─── DATA EXCERPTS ───
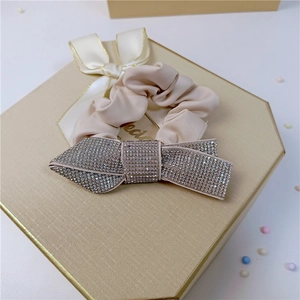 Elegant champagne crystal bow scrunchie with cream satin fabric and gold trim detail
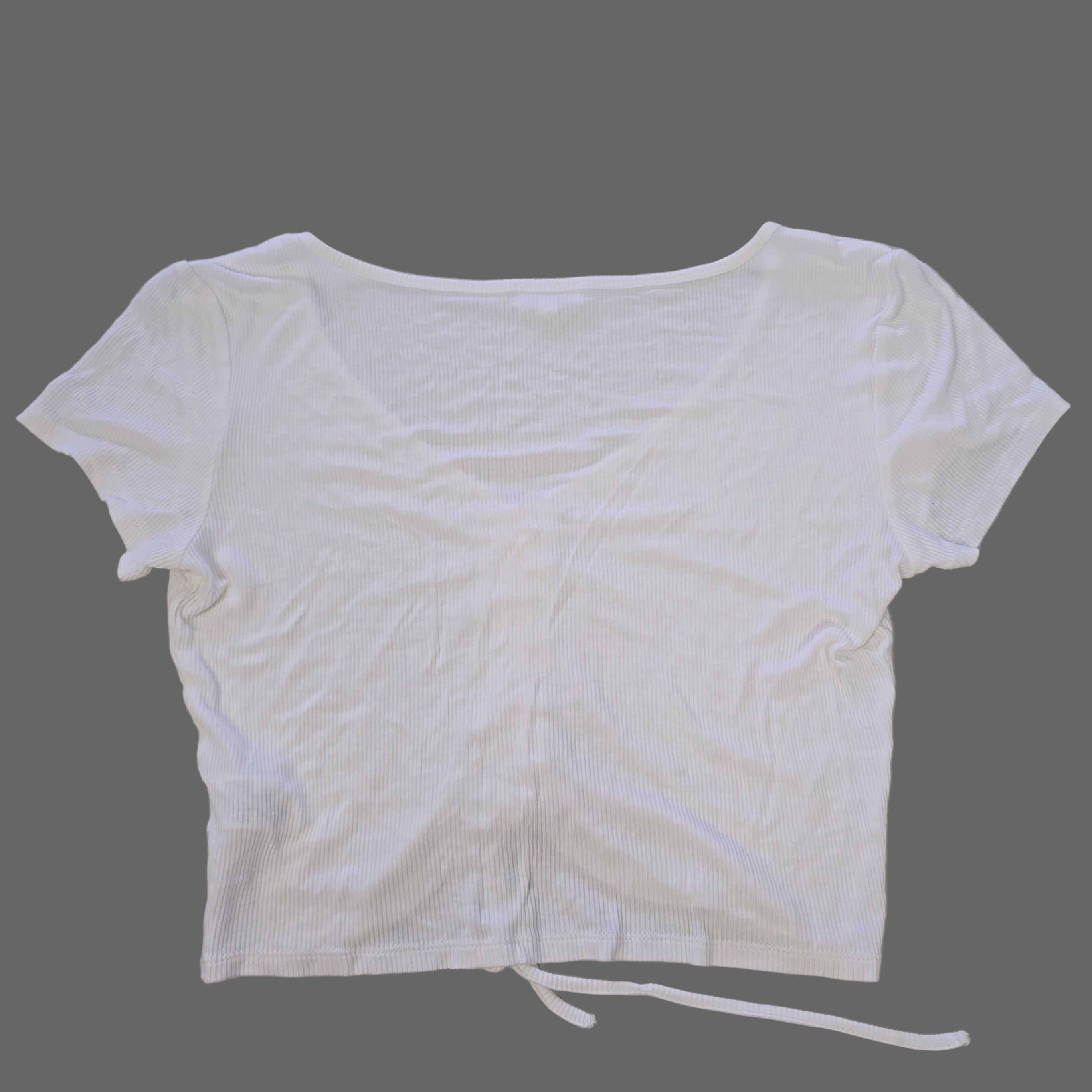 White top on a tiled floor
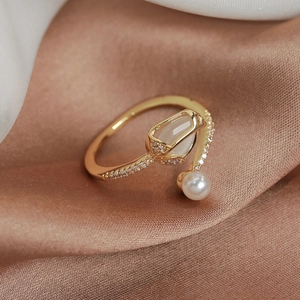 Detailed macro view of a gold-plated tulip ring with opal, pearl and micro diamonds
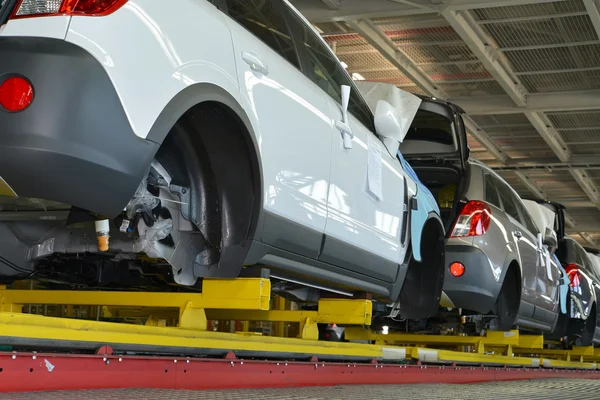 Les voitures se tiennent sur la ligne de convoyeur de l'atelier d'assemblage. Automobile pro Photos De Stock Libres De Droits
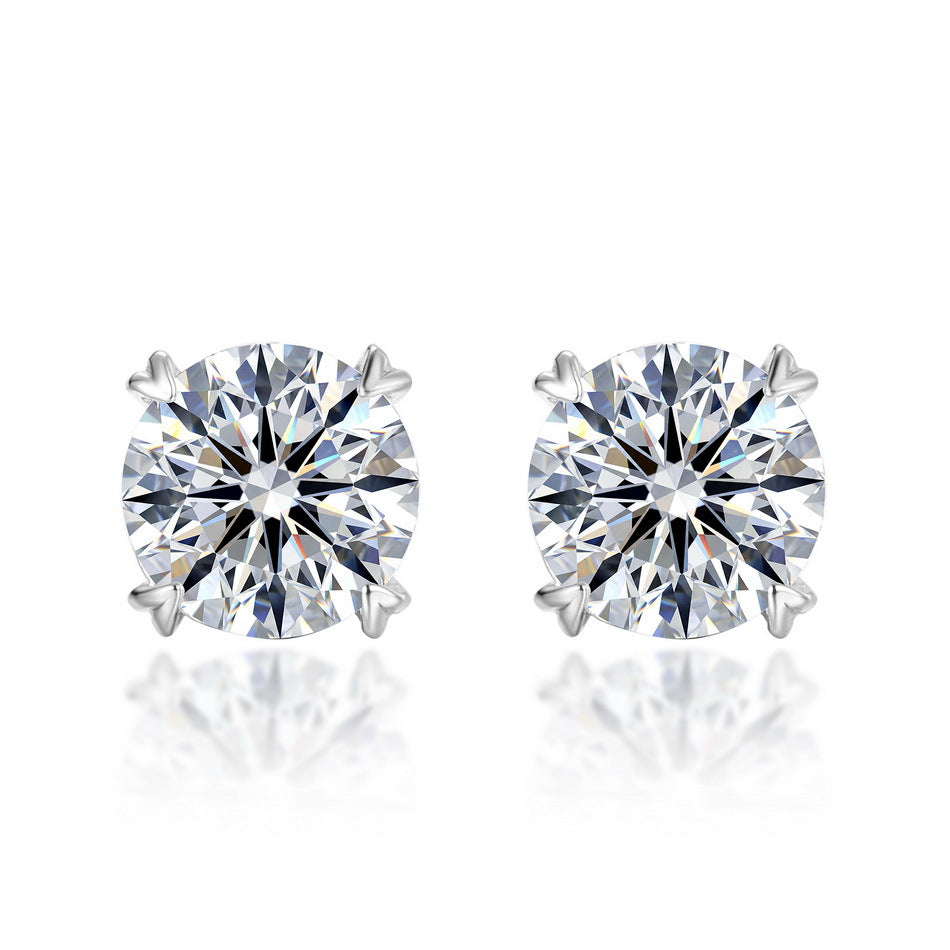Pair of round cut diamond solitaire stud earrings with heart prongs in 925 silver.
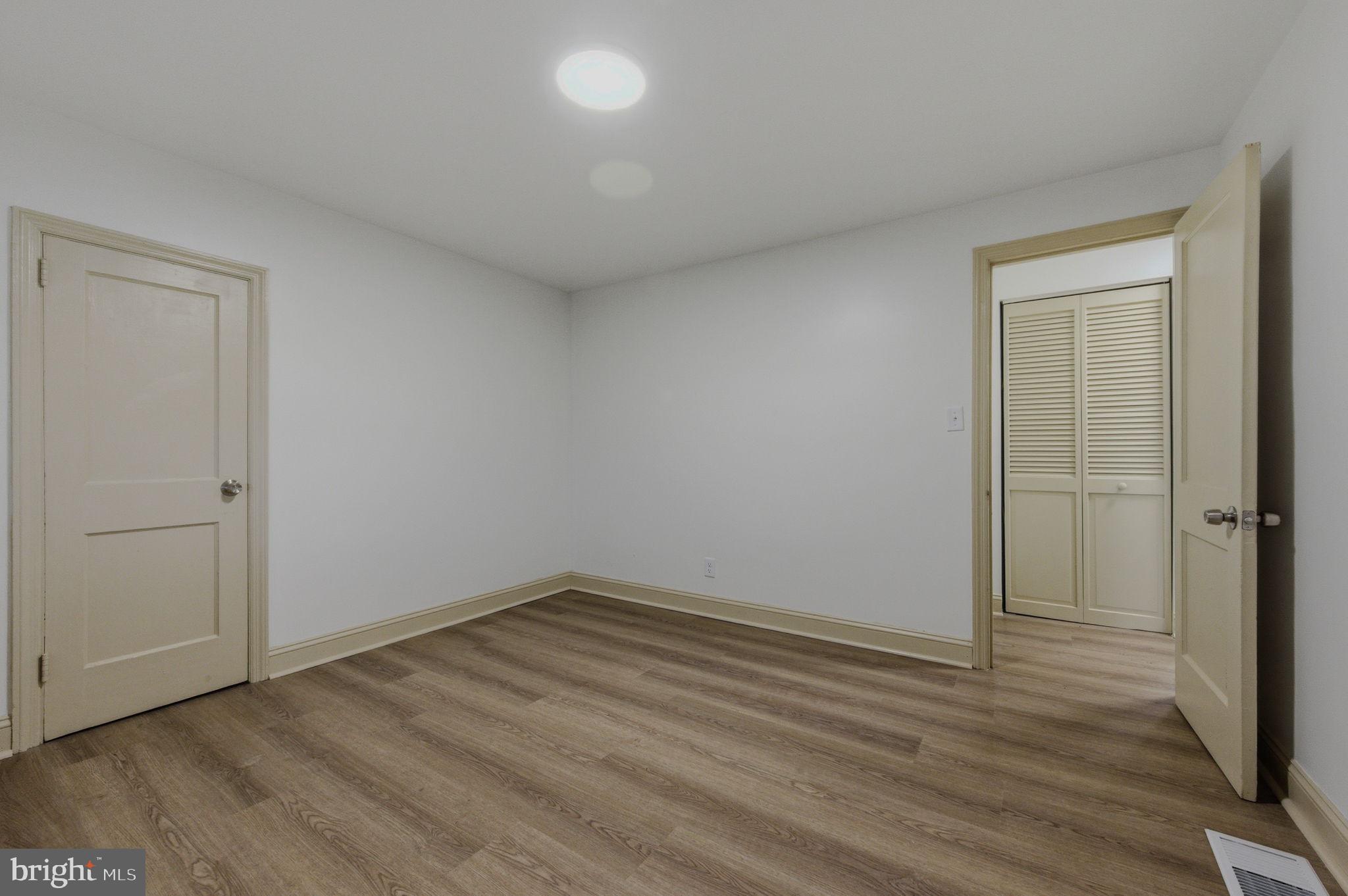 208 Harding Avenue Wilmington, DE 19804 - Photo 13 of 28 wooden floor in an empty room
───
* _YOUR GOAL_
Reproduce each entry precisely; the pictures stay out.

* _RESULT OF THIS EXERCISE_
 Elegant champagne crystal bow scrunchie with cream satin fabric and gold trim detail
 White top on a tiled floor
 Detailed macro view of a gold-plated tulip ring with opal, pearl and micro diamonds
 Les voitures se tiennent sur la ligne de convoyeur de l'atelier d'assemblage. Automobile pro Photos De Stock Libres De Droits
Pair of round cut diamond solitaire stud earrings with heart prongs in 925 silver.
 208 Harding Avenue Wilmington, DE 19804 - Photo 13 of 28 wooden floor in an empty room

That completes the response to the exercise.